- Country: Australia
- Location: 15 km west of Port Augusta on the Eyre Highway at Lincoln Gap, Eyre Peninsula, South Australia
- Coordinates: 32°37′08″S 137°34′48″E﻿ / ﻿32.619°S 137.580°E
- Status: Under construction
- Construction began: 2017
- Commission date: Expected mid-2019
- Construction cost: A$300M (stage 1) A$170M (stage 2)
- Owner: Nexif Energy Australia

Wind farm
- Type: Onshore
- Hub height: 110 metres (361 ft)
- Rotor diameter: 136 metres (446 ft) 140 metres (459 ft)
- Rated wind speed: 11 m/s (36 ft/s);

Power generation
- Nameplate capacity: 212 MW
- Capacity factor: 43%
- Annual net output: 800 GW·h
- Storage capacity: 10 MW·h

External links
- Website: lincolngapwindfarm.com.au

= Lincoln Gap Wind Farm =

Wind farm in South Australia

The Lincoln Gap Wind Farm is a wind farm in the vicinity of Lincoln Gap on northeastern Eyre Peninsula in South Australia, Australia.
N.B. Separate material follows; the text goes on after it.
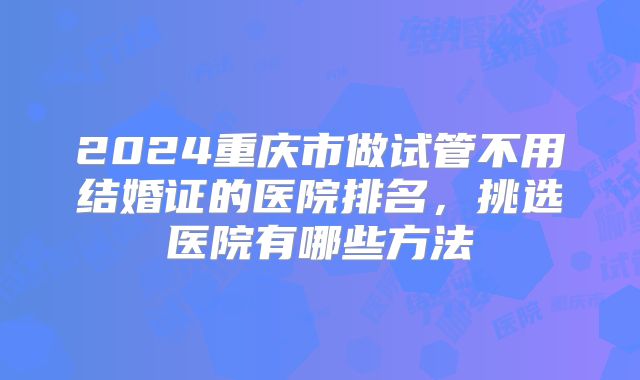 2024重庆市做试管不用结婚证的医院排名,挑选医院有哪些方法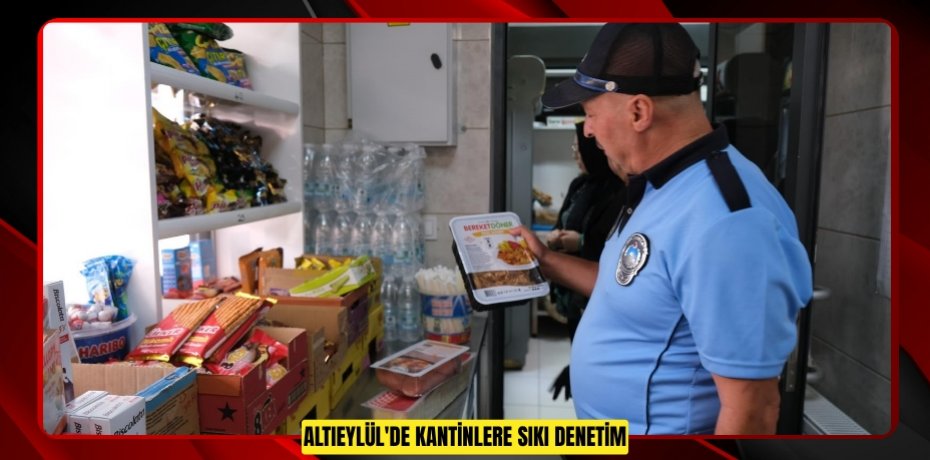 Altıeylül'de kantinlere sıkı denetim  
It consists of 59 wind turbines and generates a total of 212 MW of electricity. Construction began in late 2017 and was initially expected to be commissioned in late 2018. Construction was delayed in July 2018 when unexploded ordnance was discovered on the site, left from historic military testing. The site is not far from the Cultana Training Area.

Following Senvion's European parent company commencing insolvency proceedings, Vestas was engaged to provide maintenance services for the 126 MW first stage, and the 24 3.6 MW turbines for the second stage. The 212 MW wind farm reached full generation capacity in late April 2022.

==Construction and commissioning==
The wind farm was constructed by Senvion in two stages. The first stage was 35 turbines. In December 2018, it was expected to be operational by July 2019. Stage Two for the final 24 turbines received financial approval from Nexif Energy in December 2018. A 10 MW / 10 MW·h battery was expected to be completed in May 2019 by Fluence, with a proposal to later upgrade it to 30 MW. The output is contracted to retailer ERM Power. Some of the towers and turbines were erected using a tower crane similar to what is used to construct high-rise buildings.

The wind farm substation was connected to the national electricity grid on 25 February 2019. The energy storage battery was expected to be installed by the end of May 2019, with wind turbines commissioned from August 2019. The first turbine exported electricity to the grid in the last few days of April 2019.

It was reported in October 2020 that construction of Stage 2 had begun, at a cost of A$170m. It was completed and reached full operation (without the battery) in late April 2022.